Photo credit: Vanessa Haney

As I prepared this interview, some lines by Hart Crane snuck up on me:

There is even room enough

For the letters of my mother’s mother,

Elizabeth,

That have been pressed so long

Into a corner of the roof

That they are brown and soft,

And liable to melt as snow.

They come from “My Grandmother’s Love Letters,” a poem that contemplates a person’s memory. “It is all hung by an invisible white hair,” Crane writes. “It trembles as birch limbs webbing the air.” How, he wonders, do you remember a life? How do you tell it?

All We Know: Three Lives takes up these questions. Lisa Cohen’s triptych biography tells of three twentieth-century incendiaries: women whose accomplishments shaped culture between and after the wars, yet whose shortfalls and contradictions — as well as those of the world they inhabited — left them largely forgotten.

Esther Murphy, a brilliant conversationalist and promising literary voice, loved to talk about the past. But her drawn-out failure to finish a biography exhausted and disappointed her milieu. Mercedes de Acosta spent life seeking proximity to fame and collecting its material remains. History has cast her as a creep, due to her astounding repository of celebrity ephemera and her intimacy with Greta Garbo — a relationship many fans today prefer to view as G-rated. As fashion editor of British Vogue, Madge Garland used her understanding of form and surface to forever alter women’s clothing, and to keep her own stories hidden from view.

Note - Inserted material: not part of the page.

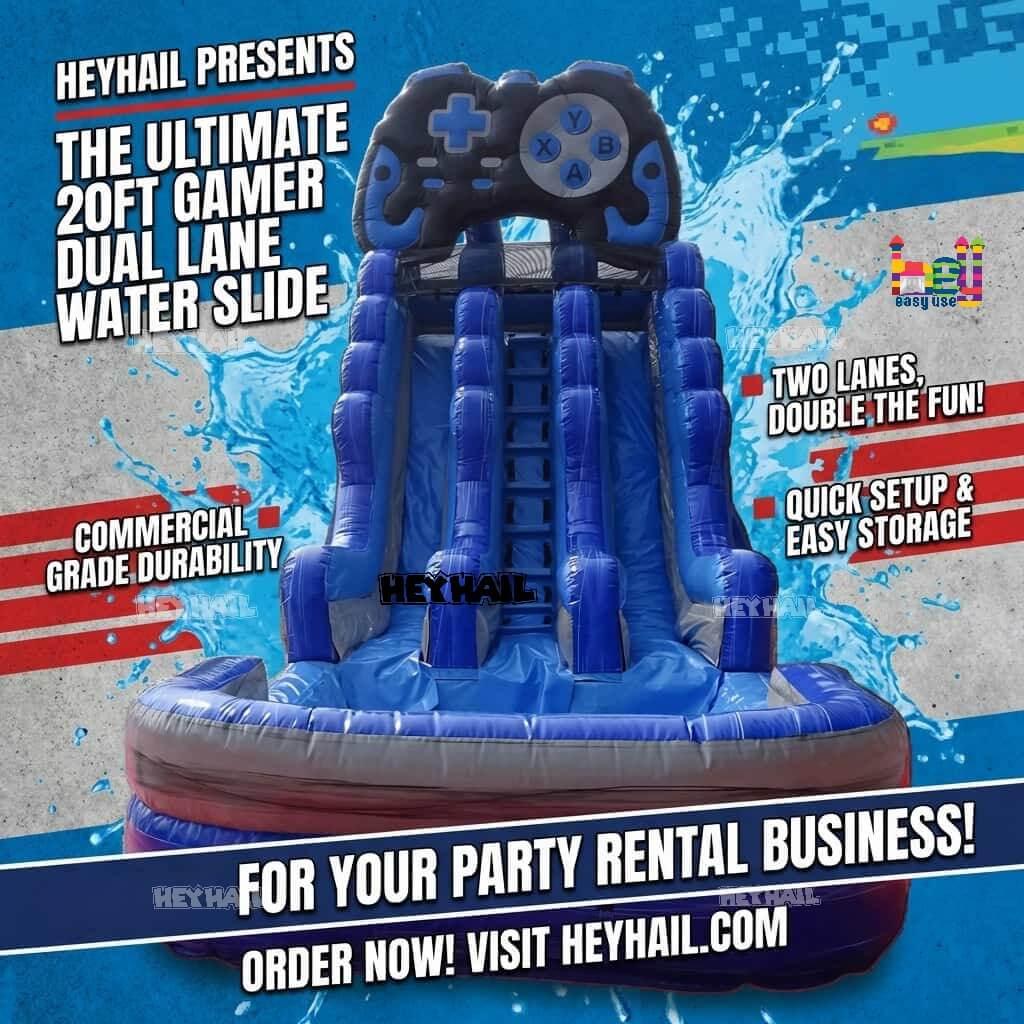 commercial PVC 20ft dual lane water slide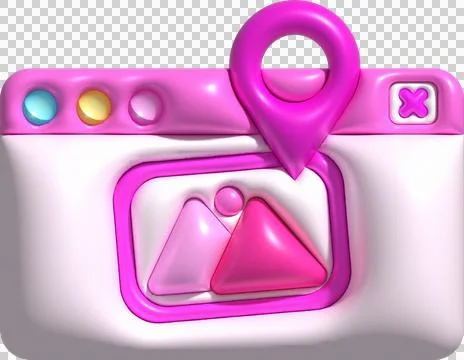 3d illustration pop up app window check in place in photo. Stock Illustration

Each loved other women, each moved in the influential circles of modernist haute-bohème, and each presented to Cohen a biographical riddle. Deftly, brilliantly, she unravels all three.

All We Know was a finalist for the National Book Critics’ Circle Award, and is also a finalist for a Lambda Literary Award. Cohen and I spoke over the phone in early March.

Laura Bliss: I just finished reading your elegy in Vogue for the writer Sybille Bedford. Your friendship with her was profoundly important to you. Sybille very much loved Esther Murphy, and spent years with her, yet she expressed disappointment over Esther’s life. You write that you were shocked to hear that kind of ambivalence toward your chosen subject so early on. 

Lisa Cohen: Not shocked – that’s too strong a word. I was a little dismayed. It was really a question of learning how to hear the good and the bad.

Right. I’m curious about how you learned. In your section on Esther Murphy, you write that one possible reason her biography of Madame de Maintenon was foiled was that she might not have been quite sure what to make of her subject. 

Yes, although that’s speculation based on the incredibly ambivalent feelings she expressed towards Madame de Maintenon. There’s a kind of cycle that biographers sometimes go through, of falling in love with their subjects, falling out of love, and then finding some point of balance. I don’t know that I went through that, exactly. I remained fairly obsessed about mine, especially Madge Garland and Esther Murphy. I really wanted to know everything I could find out about them.

But I suppose I learned ways to understand that what I felt towards my subjects was part of my material, although I was not writing autobiographically. Which is partly to say that I was interested in the effects these women had on the people around them. Thinking about my responses to them opened me up the idea that those feelings were a legitimate area for analysis. In the case of Esther, she hadn’t done what she was expected to do. Her life still made Sybille Bedford very sad, and other people frustrated, disappointed, annoyed. In Mercedes de Acosta’s case, there were people who were deeply disdainful. And in the case of Madge Garland, too, I met plenty of people willing to badmouth her. I realized that that was important material. That was maybe an early lesson; I didn’t want to write some kind of cloud of praise, to simply rescue them and say they had been wonderful. I wanted to try to get at what was complicated about each of these three people. Really paying attention to the fact that Esther was seen as a failure allowed me also to see how much the idea of failure was something very much on her mind, personally and intellectually.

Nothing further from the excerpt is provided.